Scottish writer, poet, performer (born 1977)

Hannah Lavery is a Scottish poet, playwright and performer. Her poetry and prose has been published by Gutter Magazine, The Scotsman newspaper, 404 Ink, and others. In September 2021 she took on the role of Edinburgh Makar.

== Work ==
Lavery's poetry pamphlet, Finding Seaglass: Poems from The Drift was published by Stewed Rhubarb Press in May 2019. She has also been a featured poet at many spoken word and poetry nights including Neu! Reekie!, Sonnet Youth, and festivals including Stanza Poetry Festival and Edinburgh International Book Festival. Lavery was awarded a Megaphone Residency for Artists of Colour by The Workers' Theatre in 2016.

The Drift, her autobiographical play, was produced by National Theatre of Scotland and went on tour in 2019.

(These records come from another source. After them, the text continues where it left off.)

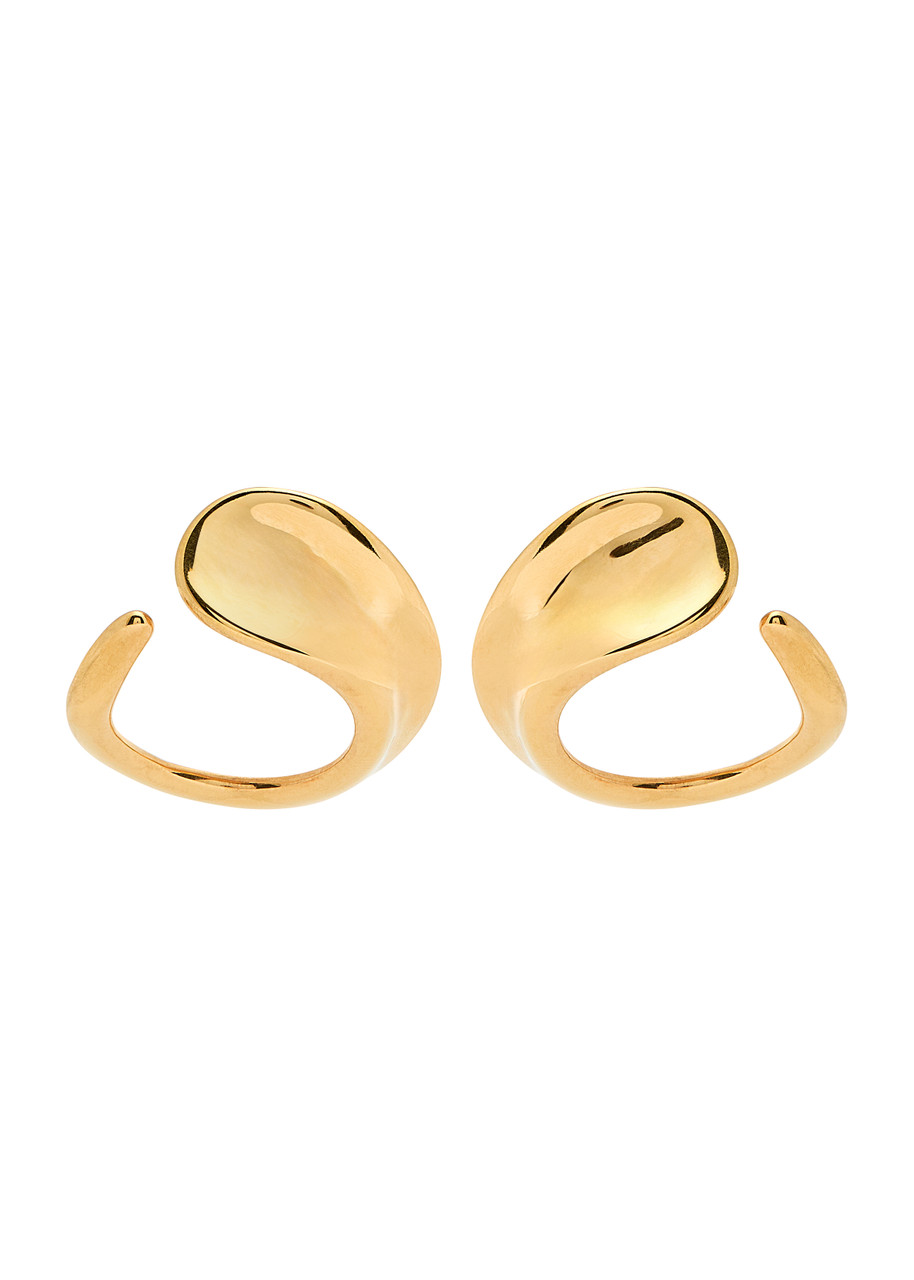 Agmes Marta Sculpted Hoop Earrings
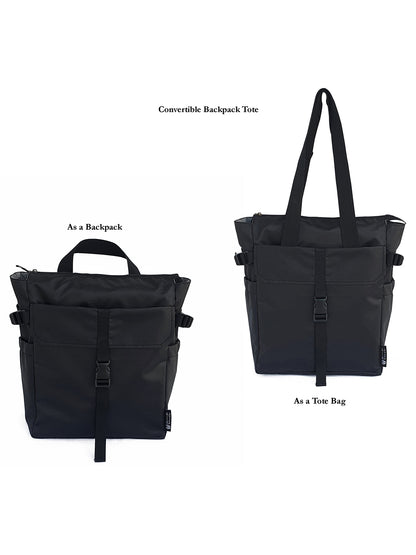 Backpack convertible Tote for Men & Women | 16 Litres | Stylish 2 in 1 Convertible Bag |For Office, College, Travel & Hiking | 15.6 inch Laptop Compatible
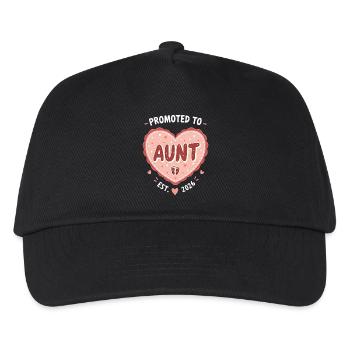 Aunt 2026 Aunt 2026 Promoted to Aunt 2026 - Kids’ Baseball Cap - black - Front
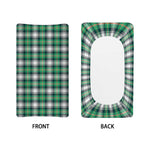 Saint Patrick's Day Tartan Pattern Print Changing Pad Cover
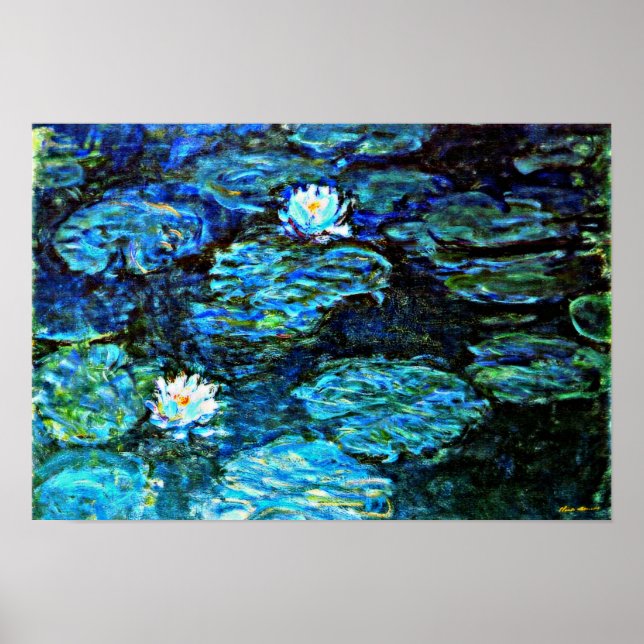 Monet - Water Lilien Poster (Vorne)
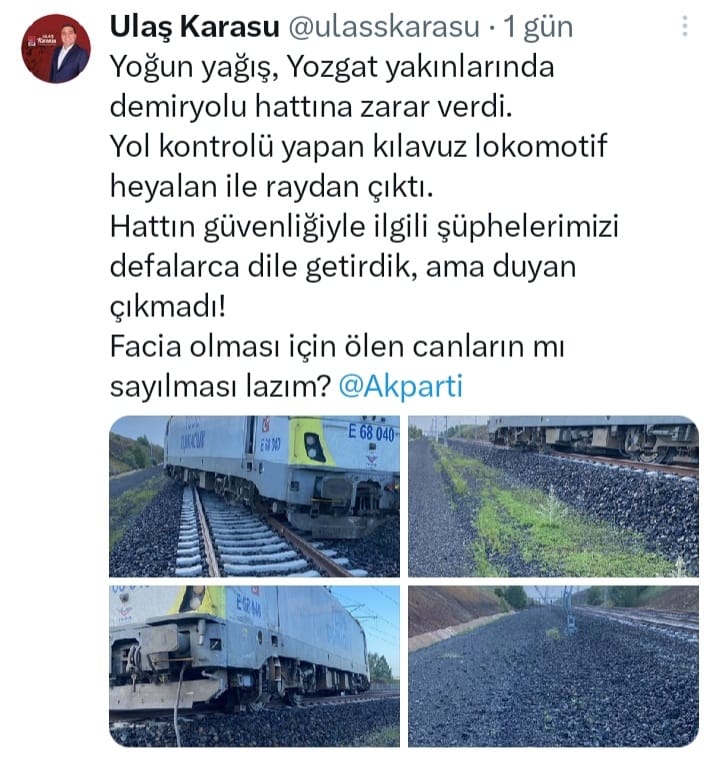 “YHT ANKARA-SİVAS HATTINDA FACİADAN DÖNÜLDÜ”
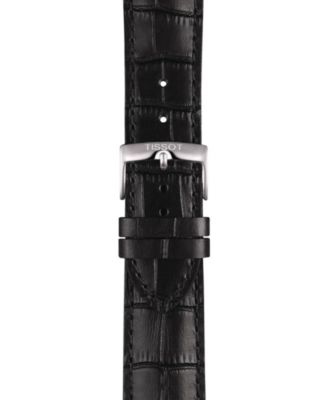 Men's Swiss Chronograph Chrono XL Classic T-Sport Black Leather Strap Watch 45mm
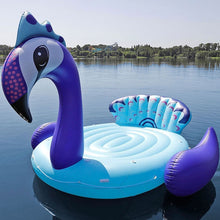 Load image into Gallery viewer, 6 Person Inflatable Giant Peacock Pool Float Island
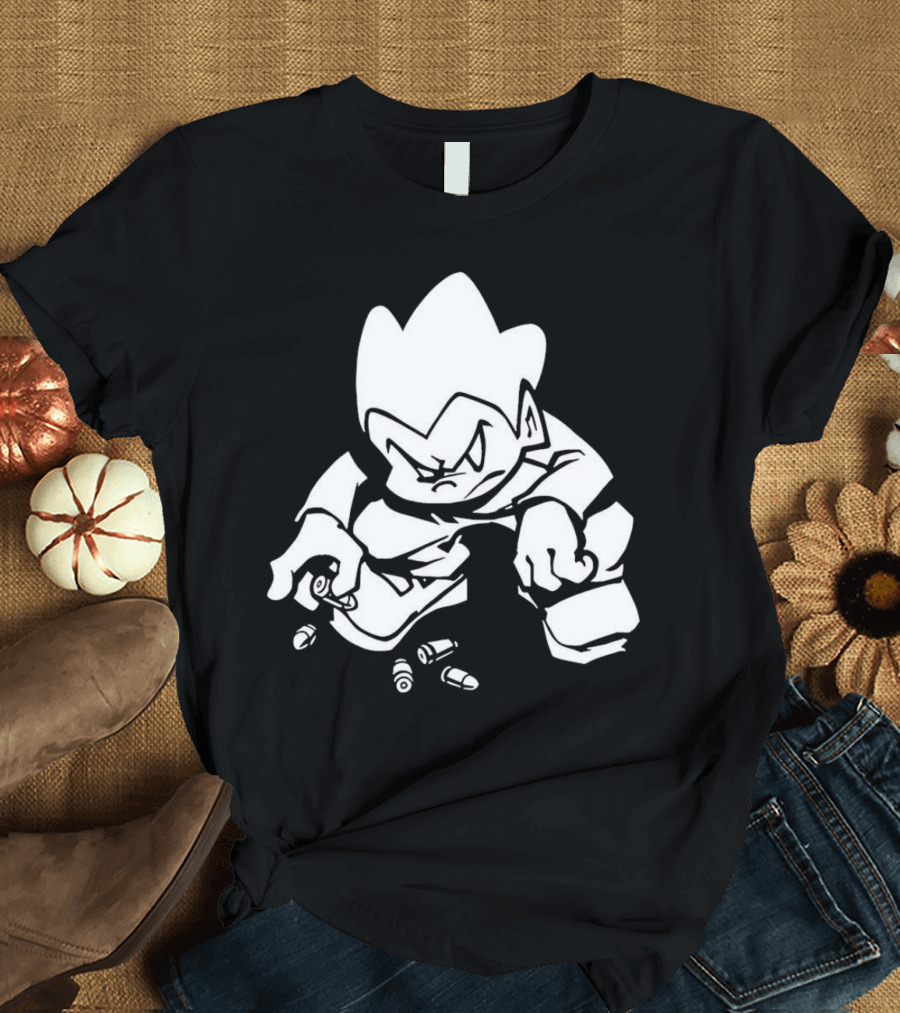 Friday Night Funkin’ Lowkey Pico Bullets Grim Expression T-Shirt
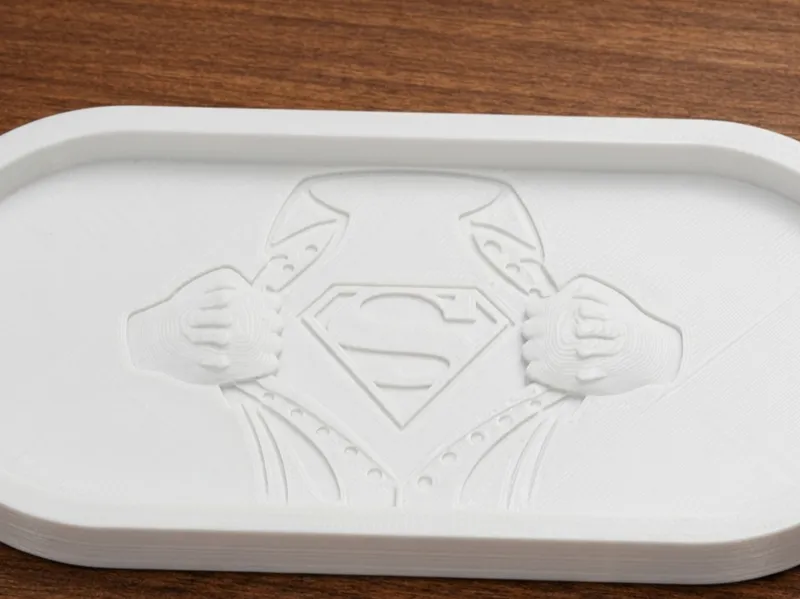 Superman glasses tray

Lavery's Lament for Sheku Bayoh, commissioned by the Royal Lyceum Theatre, was performed as a work in progress as part of the Edinburgh International Festival 2019. Over the following year, the play was completed and reimagined for a digital audience and streamed from the stage of the Royal Lyceum Theatre as part of a National Theatre of Scotland, Edinburgh International Festival and Royal Lyceum Theatre co-production in 2020. Sheku Bayoh was a 31-year-old gas engineer, husband and father of two who died in police custody in his home town, Kirkcaldy, Fife, on 3 May 2015. A personal response to this tragic event, Lament for Sheku Bayoh throws up questions of identity, community, and belonging in Scotland today, and is an instruction and a reflection on a life lost and the society—our society—who lost it and looked the other way. Critic Mark Fisher, writing in The Guardian, described the work as "...impassioned, poetic and alive with political import." Joyce McMillan writing in The Scotsman described the production as "a beautiful and shattering ritual of rage and mourning that – in the year of George Floyd and Black Lives Matter – is both painfully familiar, and new in its insistence that here too, in bonnie Scotland, black people sometimes cannot breathe, purely because of the colour of their skin." The play was written and directed by Lavery. The cast were Saskia Ashdown, Patricia Panther and Courtney Stoddart, with music by Beldina Odenyo/Heir of the Cursed.

She has contributed to the BBC Radio 4 series The Poet and the Echo, and has been announced as one of Imaginate's Accelerator artists, where she will work on a new piece of writing for ages 10+ called The Protest. The work will explore the moments, the encounters and the individual and collective journey to The Protest and to activism of three young people.

== Awards ==
In November 2019, Lavery was awarded a New Playwright Award from Playwrights Studio Scotland and was named in The List magazine's Scottish Theatre Hot List for 2019. In 2020, she was named as one on BBC Writers Room Scottish Voices of 2020, as well as being chosen by poet and playwright Owen Sheers as one of ten writers currently asking questions that will shape the UK's future, as part of the British Council and National Centre for Writing's International Literature Showcase.